Class action plaintiffs' attorneys may argue that a recent ruling by the Ninth Circuit expands the scope of liability under the Telephone Consumer Protection Act ("TCPA") to include calls or text messages sent on all modern telephone equipment, including personal smartphones. Marks v. Crunch San Diego, LLC, 904 F.3d 1041 (9th Cir. Sept. 20, 2018).

The TCPA generally prohibits calls to cell phones using an Automatic Telephone Dialing System ("ATDS") without sufficient prior express consent. A violation results in a statutory penalty of $500 per call, or up to $1,500 per call for a knowing or willful violation. In TCPA class actions, it is common for exposure to be in the many millions of dollars.

There has been much dispute about what constitutes an ATDS under the TCPA. In 2015, the Federal Communications Commission ("FCC") broadly interpreted ATDS to include equipment that has the potential capacity to autodial, an interpretation that some argued included personal cell phones. Early in 2018, the D.C. Circuit in ACA International v. FCC, 885 F.3d 687 (D.C. Cir. 2018) invalidated the FCC's 2015 interpretation of ATDS as too broad. In Marks, the Ninth Circuit weighed in on the statutory definition of an ATDS for the first time since the D.C. Circuit's decision.

The device at issue in Marks is called the "Textmunication" system, which the Court described as "a web-based marketing platform designed to send promotional text messages to a list of stored telephone numbers." Phone numbers are captured and stored in the Textmunication platform in one of three ways: (1) an operator manually enters a phone number into the system; (2) a current or potential customer may respond to a marketing campaign with a text (which automatically provides the individual's phone number); or (3) a customer may provide a phone number by filling out a consent form on a Textmunication client's website. The defendant, Crunch Fitness, had communicated with current and prospective gym members by sending them text messages via the Textmunication system. The plaintiff, Jordan Marks, had signed up for a gym membership and subsequently received three text messages over an 11-month period. Marks sued Crunch Fitness and alleged that the text messages violated the TCPA.

The district court granted summary judgment in favor of Crunch Fitness after concluding that the Textmunication system did not constitute an ATDS because it presently lacked a "random or sequential number generator" and did not have the potential to add this feature. Notably, the district court's decision was issued before the D.C. Circuit's opinion in ACA International, which struck down the FCC's 2015 definition of ATDS as too expansive.

On appeal, the Ninth Circuit reversed the district court and held that the TCPA's definition of ATDS includes not only devices with the capacity to call numbers produced by a "random or sequential number generator," but also includes devices with the capacity to dial stored numbers automatically. The Ninth Circuit started with the plain language reading of the TCPA, which defines an ATDS as "equipment which has the capacity–(A) to store or produce telephone numbers to be called, using a random or sequential number generator; and (B) to dial such numbers." As the Marks Court noted, this statutory definition "naturally raises two questions: (i) when does a device have the 'capacity' to perform the two enumerated functions; and (ii) what precisely are those functions?"

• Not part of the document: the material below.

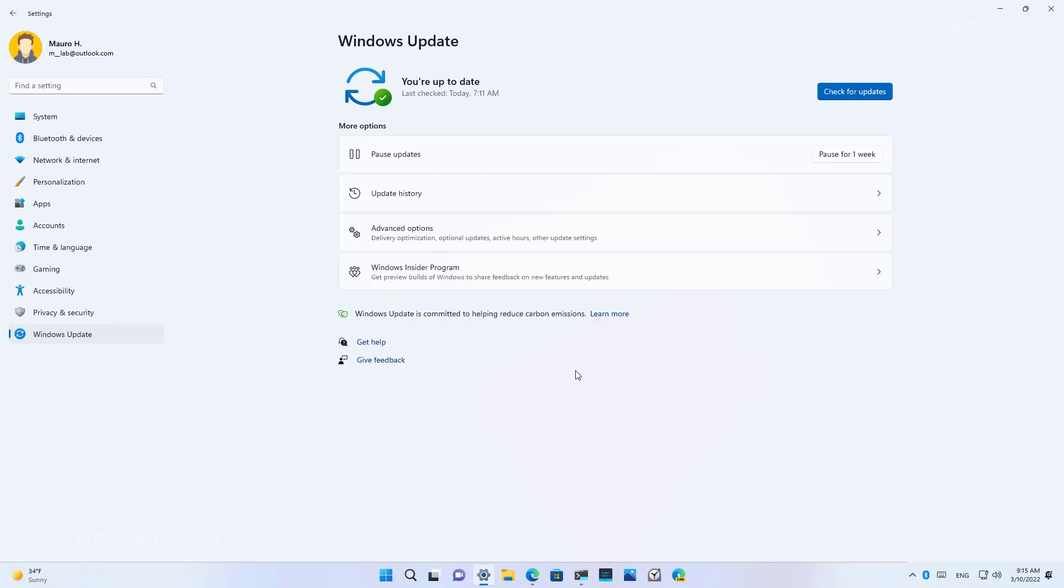And you will know if your computer is actually using this new process because you're going to see this notification at the bottom of the Windows Update page.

Focusing on the second issue, the Court analyzed "whether, in order to be an ATDS, a device must dial numbers [1] generated by a random or sequential number generator or [2] if a device can be an ATDS if it merely dials numbers from a stored list." Finding the statutory language ambiguous and looking to the legislative history for guidance, the Court concluded that "equipment that made automatic calls from lists of recipients was also covered by the TCPA." In reaching this conclusion, the Court also rejected Crunch Fitness's argument that a device cannot be an ATDS unless it is fully automatic, i.e., can operate without any human intervention whatsoever. The Ninth Circuit deemed it "common sense" that "human intervention of some sort is required before an autodialer can begin making calls, whether turning on the machine or initiating functions."

On this basis, the Court found that the Textmunication's ability to dial numbers automatically determined the outcome of the appeal, even though humans (rather than machines) were required to add phone numbers to the Textmunication platform.

In light of Marks, aggressive class action plaintiffs' attorneys may argue that text messages or calls from a personal smartphone qualify as ATDS, triggering potential strict liability under the TCPA for a statutory penalty of $500 per call/text sent without sufficient consent.